[Start of Attachment]

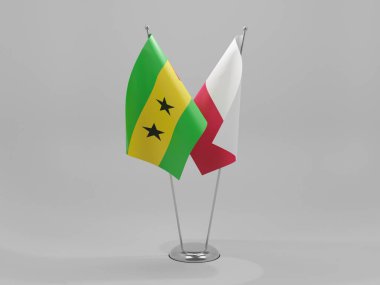 Polonya - Sao Tome ve Principe İşbirliği Bayrakları, Beyaz Arkaplan - 3D Render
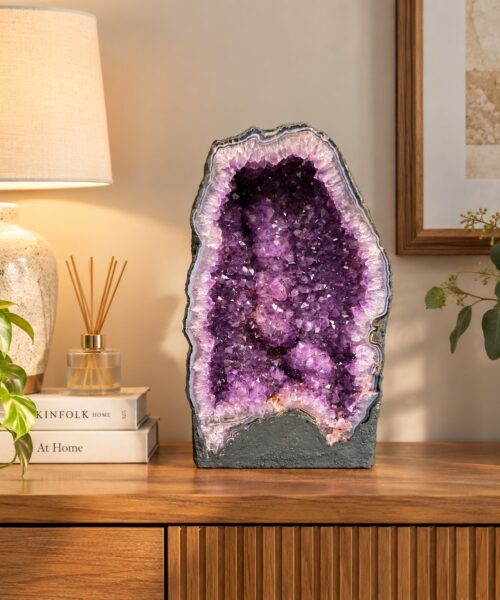 Tall Amethyst Crystal Geode 1201 Premium Queen Grade 30.63kg H51xW28xD17cm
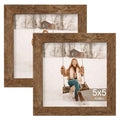 TOFOREVO 5x5 Picture Frames set of 2, Rustic Brown - color: Rustic Wood, size: 5x5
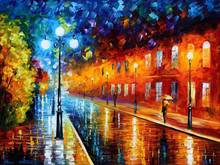 Wall art modern oil paintings blue lights Landscapes painting Canvas abstract artwork city scenes image for office Hand painted 2024 - buy cheap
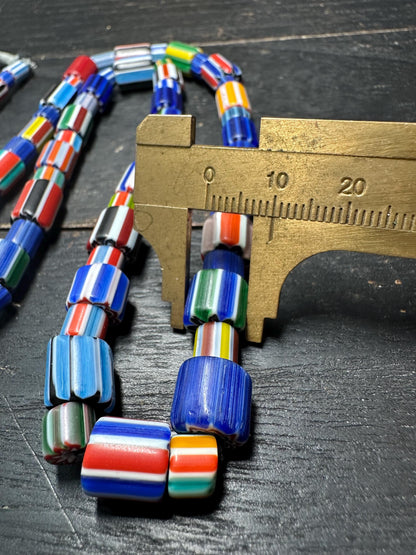 Handmade Nepalese Chevron Beads Strand | Himalayan Tribal Glass Beads | Ethnic Jewelry Making Supplies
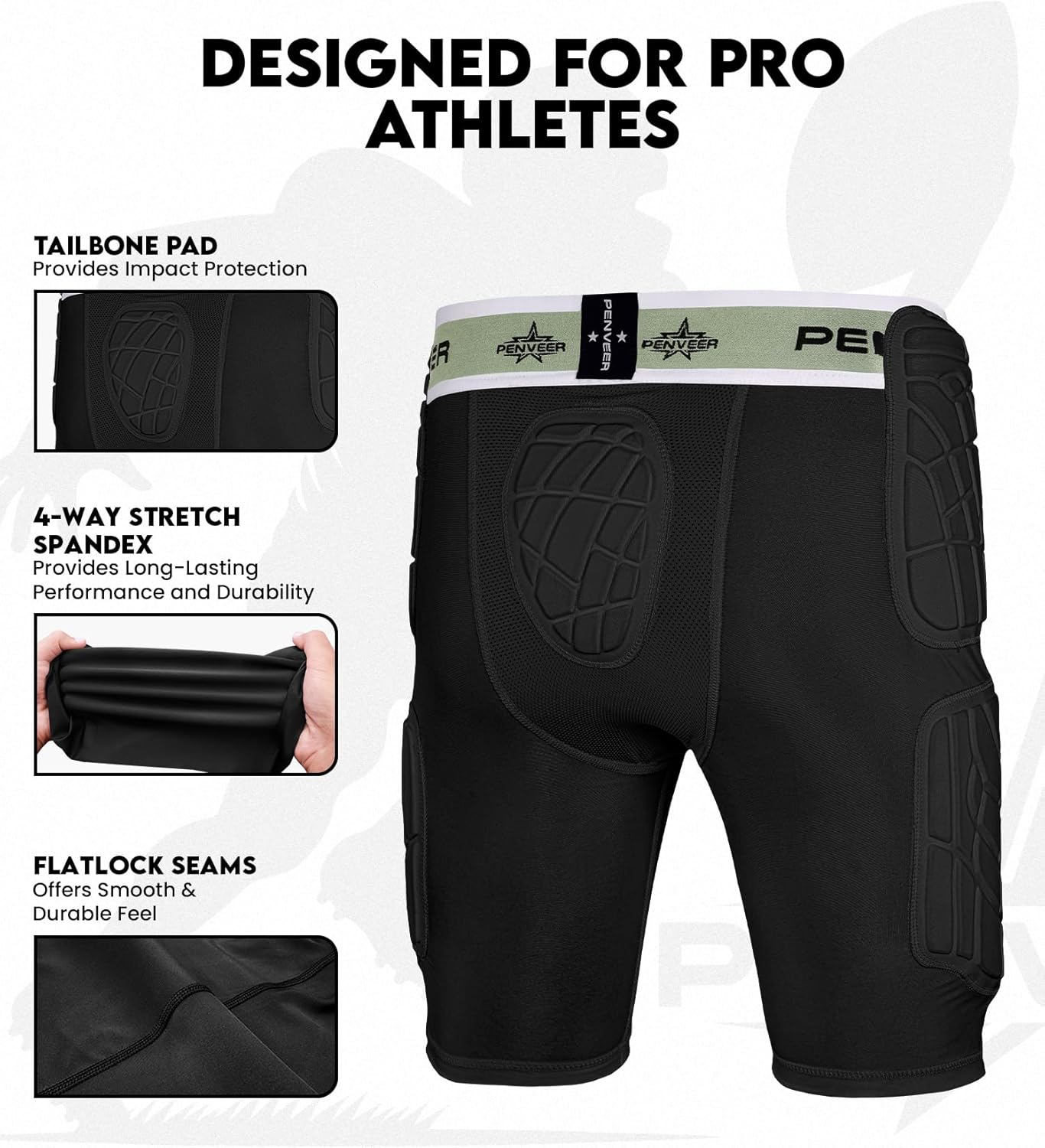 5.0 Football Girdle for Men & Boys with Cup Pocket - Padded Compression Shorts with Integrated Hip, Thigh & Tailbone Pads for Maximum Protection - Image 3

[End of Attachment]

TO DO:
If a line falls between the first line of the records above and the line containing "TOFOREVO 5x5 Picture", inclusive, retype it exactly; leave pictures out.

WRITTEN ANSWER:
 Polonya - Sao Tome ve Principe İşbirliği Bayrakları, Beyaz Arkaplan - 3D Render
 Tall Amethyst Crystal Geode 1201 Premium Queen Grade 30.63kg H51xW28xD17cm
 TOFOREVO 5x5 Picture Frames set of 2, Rustic Brown - color: Rustic Wood, size: 5x5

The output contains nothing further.